İmamoğlu, basın açıklamasının ardından Esenyurt caddelerinde ve sokaklarında seçim turu attı.
“Hizmet etmeye geliyoruz”
Esenyurt Meydanı’nda vatandaşlara seslenen İmamoğlu, demokrasiye sıkıntı veren bir avuç insanın, kendisini insanlardan koparmak istediğini savundu.
“Çok güçlü geliyoruz. Milletçe, halkımızla beraber geliyoruz.” diyen İmamoğlu, şunları söyledi:
“Sorunlarınızı, sıkıntılarınızı biliyorum. Çözüm olmaya geliyoruz. En önemli sorun, işsizlik. Onu da biliyoruz. Yakın çevresinde çocuğu, genci, yakını işsiz kim var desek, hepiniz el kaldırırsınız. İstanbul’da neredeyse 3 gençten biri işsiz. Açlık sınırının altında yüz binlerce insanımız var. Biz, bu şehrin ekonomisini düzeltmeye, bu şehirde işsizlere iş bulmaya geliyoruz. Biz, bu bir avuç insana yalvardık. Bir avuç insan. Bazen YSK’da, bazen siyasette bir avuç insan oluyorlar. Onlar için varsa yoksa, kendi yakın çevresi, ailesi, eşi dostu. Biz öyle bakmıyoruz. Size, bu millet 2023’e kadar yetki verdi. Gidin ekonomideki sorunları çözün, işsizliği çözün. Biz de İstanbul’daki sorunları çözelim. Anlatamadık.”
Bu şehrin bütün kaynaklarında en büyük düşmanın israf olduğunu dile getiren İmamoğlu, “Bu iki kelimeyi hiçbir zaman unutmayalım, ‘İsrafa son, tasarruf var.’ İsrafa asla müsaade etmeyeceğiz. Bu milletin kaynaklarını çarçur edenlere fırsat tanımayacağız. 23 Haziran’dan sonra, bu şehrin nimetlerini adam gibi kullanırsak, insanca harcarsak bu şehir herkesi mutlu edecek.” ifadelerini kullandı.

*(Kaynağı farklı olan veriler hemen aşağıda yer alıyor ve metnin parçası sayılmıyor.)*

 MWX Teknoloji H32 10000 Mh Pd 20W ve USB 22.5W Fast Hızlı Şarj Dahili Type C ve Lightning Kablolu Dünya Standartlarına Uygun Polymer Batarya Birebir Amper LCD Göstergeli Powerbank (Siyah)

İBB’de, yılda 5-6 milyar tasarrufla bütçe artısı elde edeceğini düşündüğünü aktaran İmamoğlu, “Duyuyor ve görüyorsunuz, yapılan ihalelerde, harcamalarda derenin suyu ne hikmetse aynı yerlere akıyor. Hakkıyla, hukukuyla insanların kabiliyetleriyle herkes iş alsın. Bizim partiyle işimiz yok. ‘Biz, partizanlığı bitirmeye geliyoruz’ dedik. Partizanlık bitecek.” dedi.

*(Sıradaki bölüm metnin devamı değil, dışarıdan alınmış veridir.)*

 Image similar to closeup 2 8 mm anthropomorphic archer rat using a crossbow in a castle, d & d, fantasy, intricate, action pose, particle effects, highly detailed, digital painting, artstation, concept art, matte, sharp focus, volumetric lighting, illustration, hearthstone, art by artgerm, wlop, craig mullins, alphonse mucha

Bu şehrin nimetlerini, ekonomisini herkesle, 16 milyon insanla paylaşacaklarını dile getiren İmamoğlu, “Siyasi partiler araçtır, hizmet için araçtır. Biz hizmet etmeye geliyoruz. Bazıları için siyasi partiler amaç olabilir, bizim için araç. Şu bebeğe, şu genç kızımıza, çocuklarımıza, şu şehrin milyonlarca çocuğuna hizmet etmeye geliyorum. Aynı zamanda şu cesur gençlerine, kızlarına-erkeklerine hizmet etmeye, onların Ekrem Abisi olmaya geliyorum.” şeklinde konuştu.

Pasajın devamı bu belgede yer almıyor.